“Finding You”

“Finding You” feels tailor-made for teens looking for a date night movie. This tame coming-of-age romance, written and directed by Brian Baugh, is based on the 2011 young adult novel “There You’ll Find Me” by Jenny B. Jones. The material is easily adapted to the screen with the help of the story’s setting: the lush, green, rolling hills of the Irish countryside. The problem is that I found myself wishing for more of the scenery and less of the inspirational romantic drivel.

Finley (Rose Reid) is a talented violinist, but she just tanked at her audition for a prestigious New York music conservatory. Dejected, she decides to travel to a coastal village in Ireland to study abroad for a semester. While settled in for a long flight, she chats with a handsome but annoying stranger in the seat next to her. Finley is shocked when she realizes he’s none other than Beckett Rush (Jedidiah Goodacre), a teen idol movie star who is headed to the UK to film a big-budget fantasy film.

Going into more details about the plot is absolutely pointless, because anyone who has ever read a romance novel or watched a rom-com will know exactly what unfolds. Finley’s host family runs the nicest B&B in town, and of course the charming heartthrob is a guest at the inn. While at first Beckett and Finley seem like oil and vinegar, sparks ignite between the pair as they begin to spend more time together, and a deeper relationship blossoms.

It’s okay if you want to insert a big eye roll here. It gets worse.

Finley has a dark secret that has been holding her back from creating the most expressive form of music she can, and Beckett is tired of making pointless sequels instead of chasing his true passions. The two help each other discover the strength to live life according to their dreams, and not how others say they should. It’s a coming-of-age story about finding yourself that’s wrapped up in a mild romance tale.
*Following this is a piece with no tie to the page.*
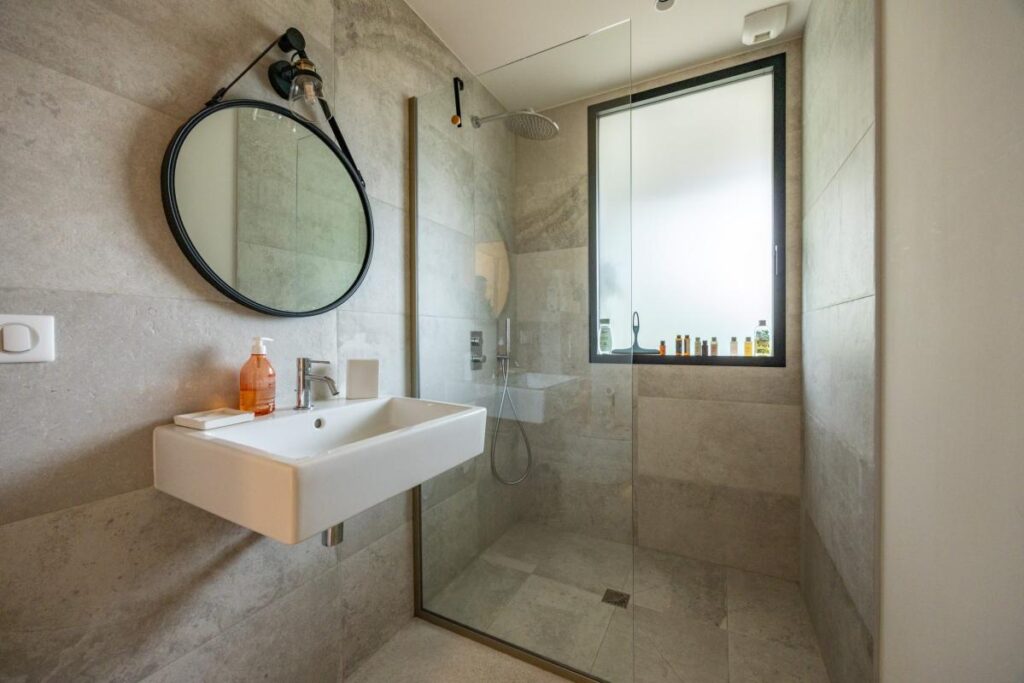 Maison rénovée de 226m2 – 8 pièces – 5 chambres – 226 m²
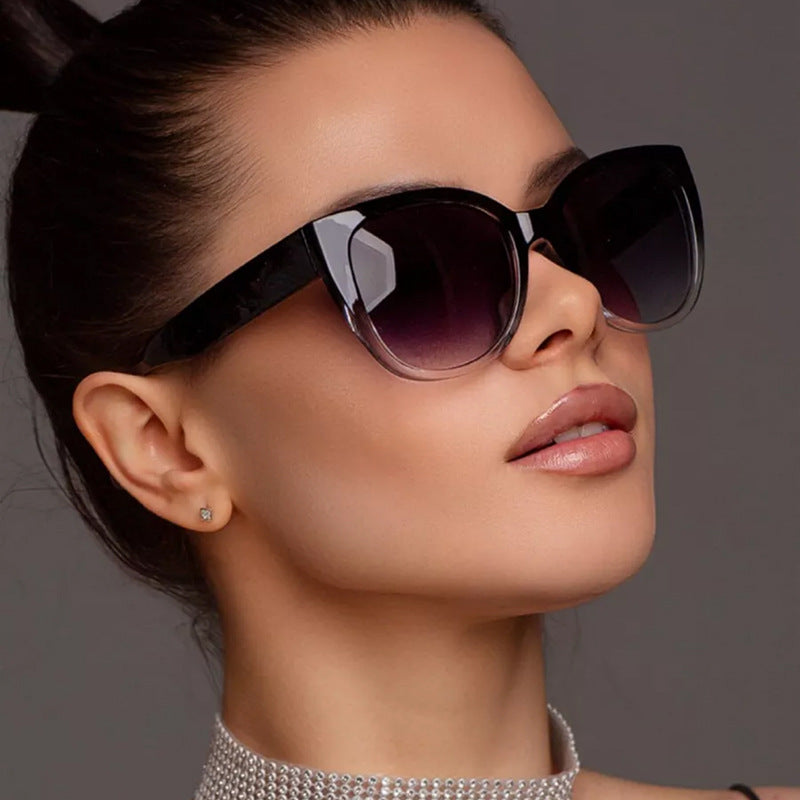 Damen extravagante Sonnenbrille mit modischem Cat-Eye Design Karnz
Everything about this movie screams formulaic romance novel, from the heavily-outlined scenarios to the names of the lead characters, to the too-predictable plot points and dreamy, idyllic international setting. Little you’d expect to see in a love story has been left out, and there’s an overpowering amount of sentimentality and contrivance that suffocates the better parts of the film.

“Finding You” isn’t a bad movie as far as romances go, but it’s too vanilla to leave a lasting impression.